Tuesday, June 16, 2026

The Chickadpally Bazaar: A Modern Blueprint >>>>> For The Timeless Triumph of Lifelong Friendship : Vanam Jwala Narasimha Rao

 The Chickadpally Bazaar : A Modern Blueprint

For The Timeless Triumph of Lifelong Friendship

Distant Homes, Enduring Bonds, 

And Echo of a Vanished Era

By Vanam Jwala Narasimha Rao

              Settled permanently in Hyderabad due to professional obligations, my wife, now 73, and I, at 78, often find ourselves reflecting on the golden decades of our earlier life. A quiet melancholy occasionally stirs within us when we compare the deep bonds, shared responsibilities, and warm human connections of five or six decades ago with the fragmented, fast-paced nature of modern urban life. Change is inevitable, yet every change leaves something behind.

That feeling returned vividly one recent afternoon when my wife's sister's daughter, Satyavathi, affectionately called Chinapapa, came to visit us. As she and my wife sat at our dining table, an ordinary conversation gradually became a journey into the past, carrying us back forty or fifty years. What unfolded between them was far more than a conversation between two close relatives. Instead, it was the living echo of a generation's way of life, friendship, and human warmth.

It was more than a conversation between two close relatives. It was the echo of an entire generation's way of life, a remarkable story of friendship and kinship, and a reflection of a warmth in human relationships that younger generations may find difficult to imagine today. What follows is a faithful account of that conversation by me: unfiltered, unembellished, and drawn directly from lived experience.

Our journey in Hyderabad began around 1974 when I joined the BHEL Higher Secondary School as a librarian. We first lived in the neighbourhoods of Chickadpally, Ashok Nagar, and Gandhi Nagar. Around the same time, many of our relatives and close friends also moved to Hyderabad and gradually settled in these very localities, creating a close-knit circle that would shape our lives for decades.

They were: Bhandaru Srinivasa Rao: my childhood classmate and, later, my wife's younger maternal uncle, who worked as News Correspondent in the News Division of All India Radio (Akash Vani), Hyderabad, and his wife Nirmala, affectionately known to all as Durga Attayya. Vanam Ranga Rao, my college classmate, close relative, and fellow cricket player, worked in the State Bank of Hyderabad (SBH), while his wife Geetha, who was born and brought up in Hyderabad, was known for her intelligence and lively conversation.

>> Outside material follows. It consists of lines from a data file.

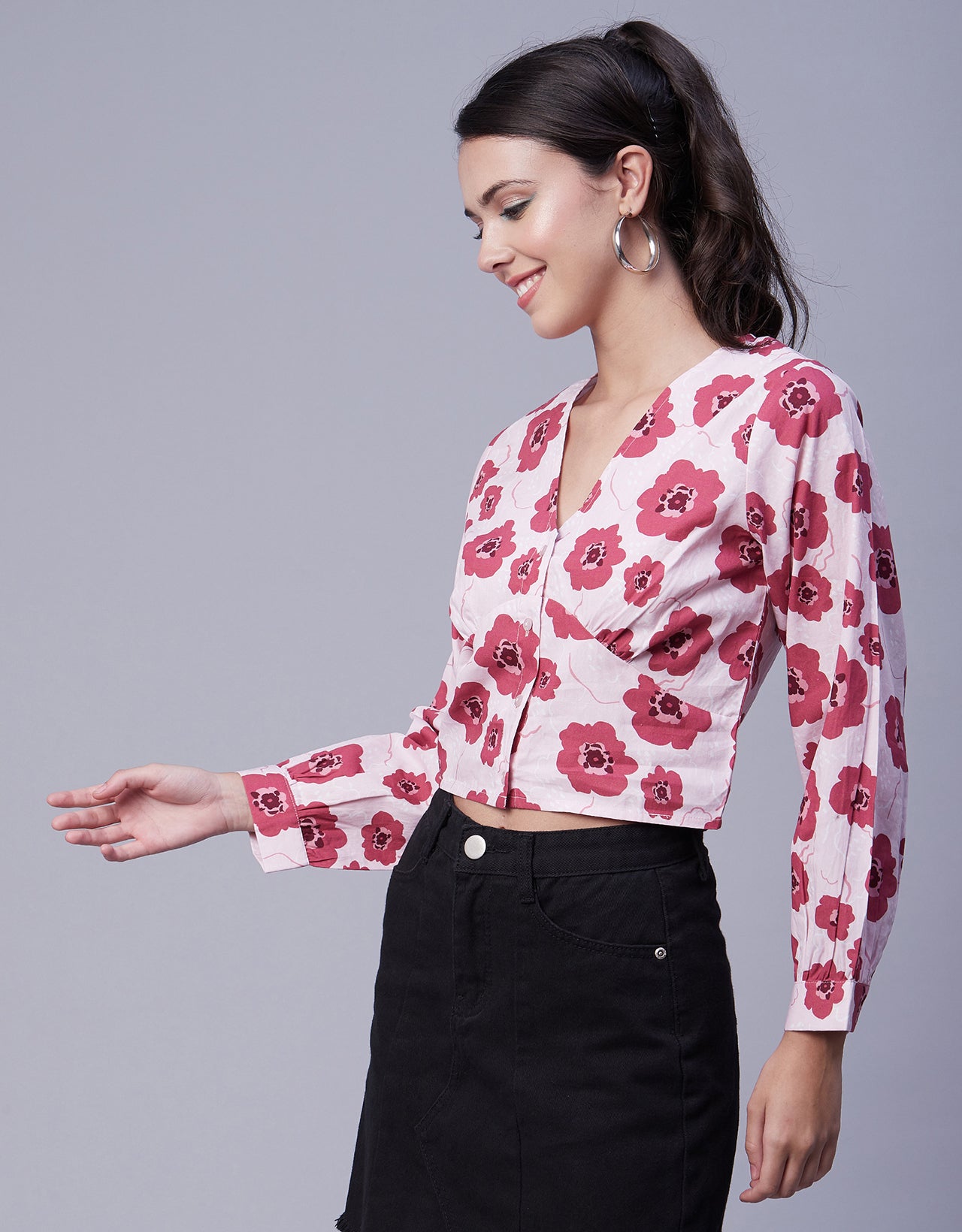 Printed Long Sleeve Crop Top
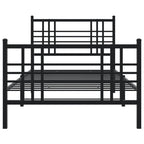 vidaXL Single Metal Bed Frame - Black, Steel Construction, Central Leg Support, Headboard, Footboard, Underbed Storage Space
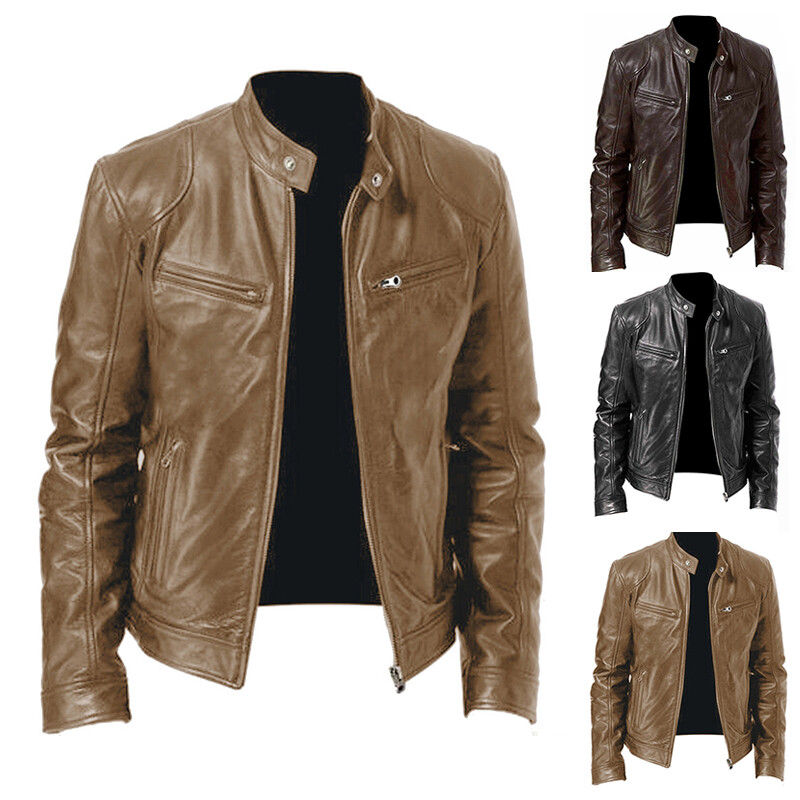 Mens Retro Faux Leather Jacket Motorcycle Stand Collar Biker Coat Zip Up Outwear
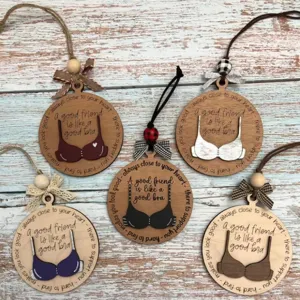 Lustiger BH Weihnachtsanhänger Holz Doppelschicht Freundschaftszitate Hängedekoration Weihnachtsbaumschmuck Für Freunde Geschenk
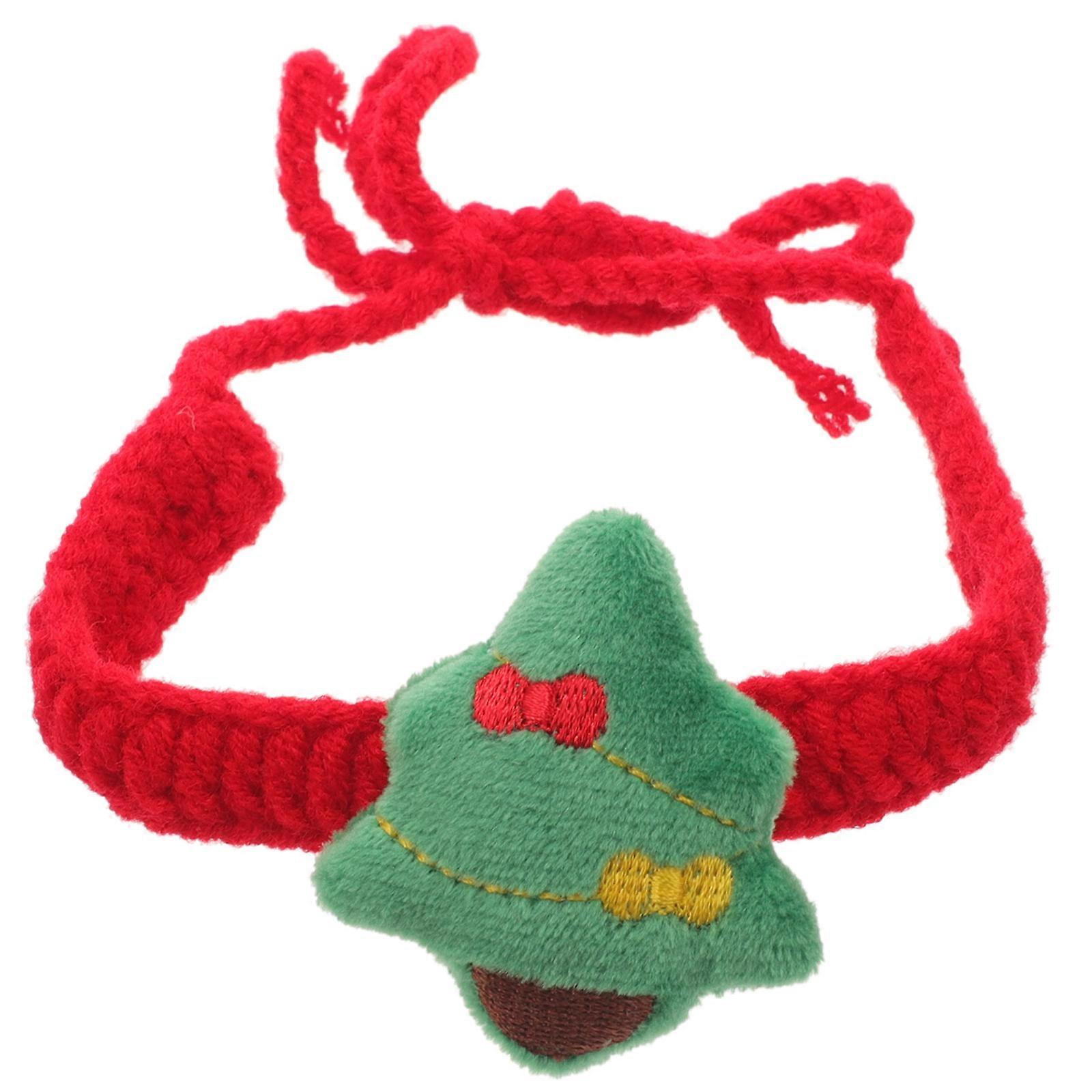 Knitted Collars For Small Dogs Cats Christmas Theme Outfit Woolen Yarn Adjustable Design Various Parties 1Pcs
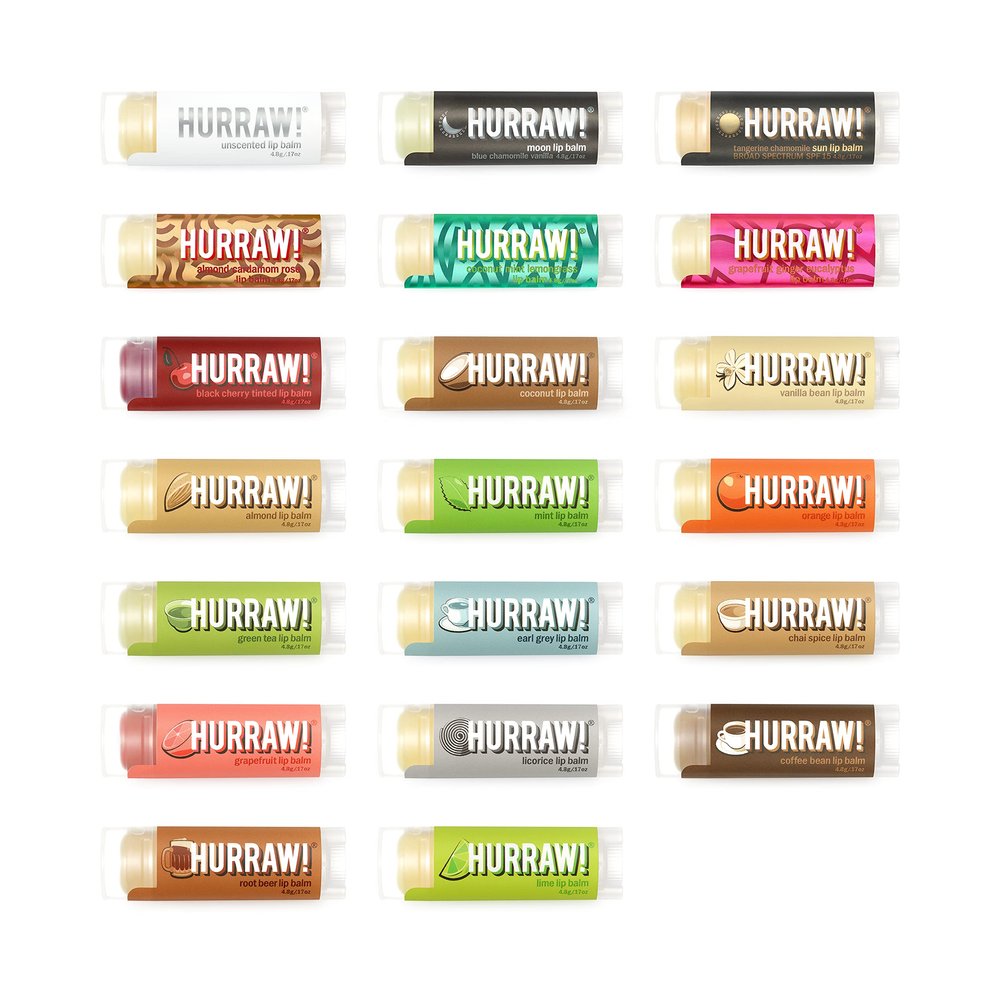 Hurraw! Lip Balms: Staff Favorites, 20 Balm Bundle Pack Organic, Certified Vegan, Cruelty and Gluten Free. Non-GMO, 100% Natural Ingredients. Bee, Shea, Soy and Palm Free. Made in USA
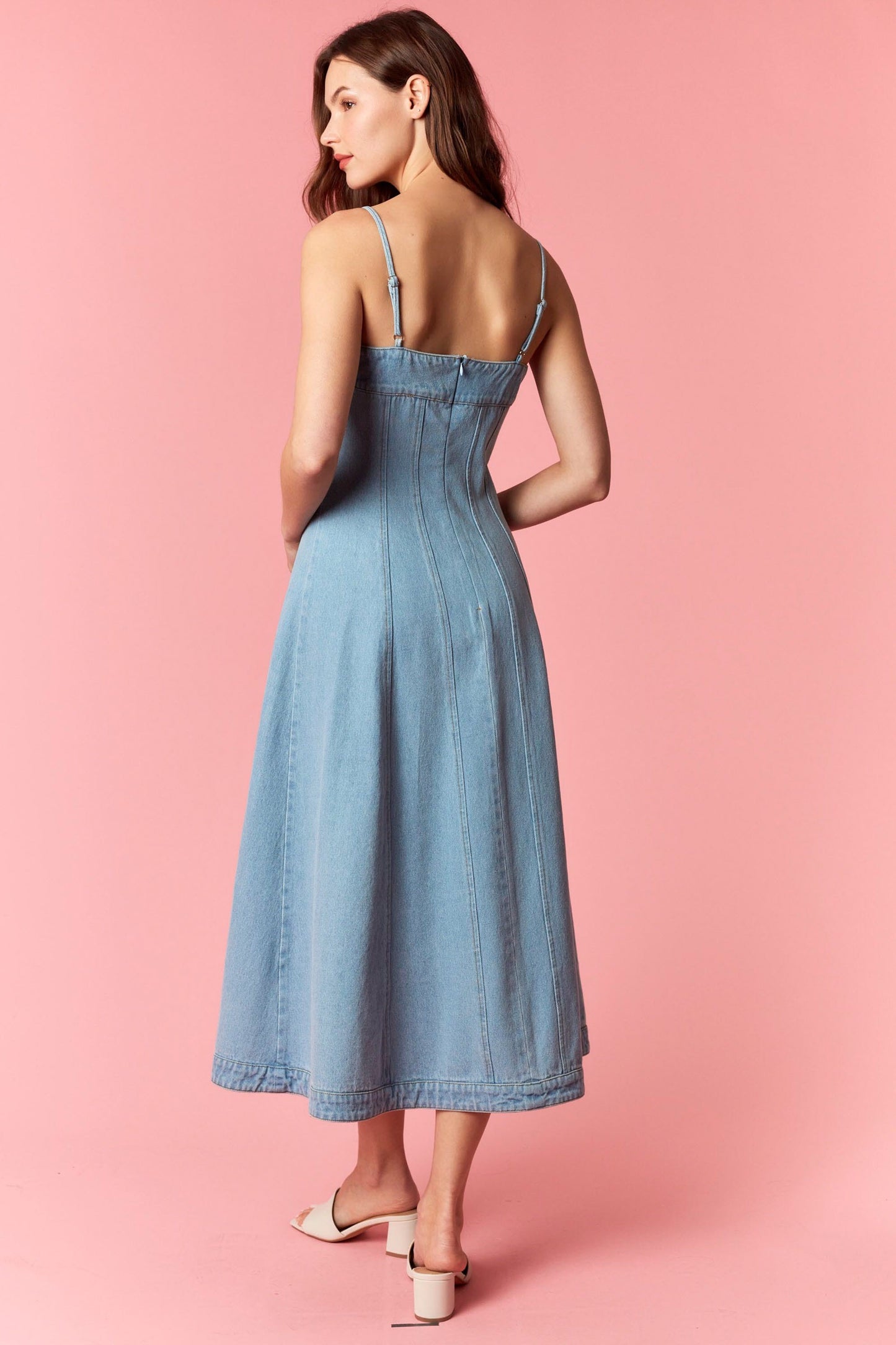 Blue Denim Midi Dress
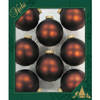 24x stuks glazen kerstballen 7 cm mustang velvet bruin mat - Kerstbal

My wife's elder sister's daughter, Chinapapa (Satyavati), and her husband SH Prasad, a senior officer in the Central Bank, were also part of this circle. Bhandaru Ramachandra Rao, who joined the State Bank of India (SBI) as a Probationary Officer and rose to the position of Chief General Manager, lived with his wife Vimaladevi, fondly called Vimala Attayya are part of the circle. Then there were Dr Aitharaju Venu Manohar Rao and his wife Usha Rani, and later his elder brother Dr Aitharaju Pandu Ranga Rao and his wife Karuna. Together, they formed a close-knit group bound by affection, trust, and mutual support.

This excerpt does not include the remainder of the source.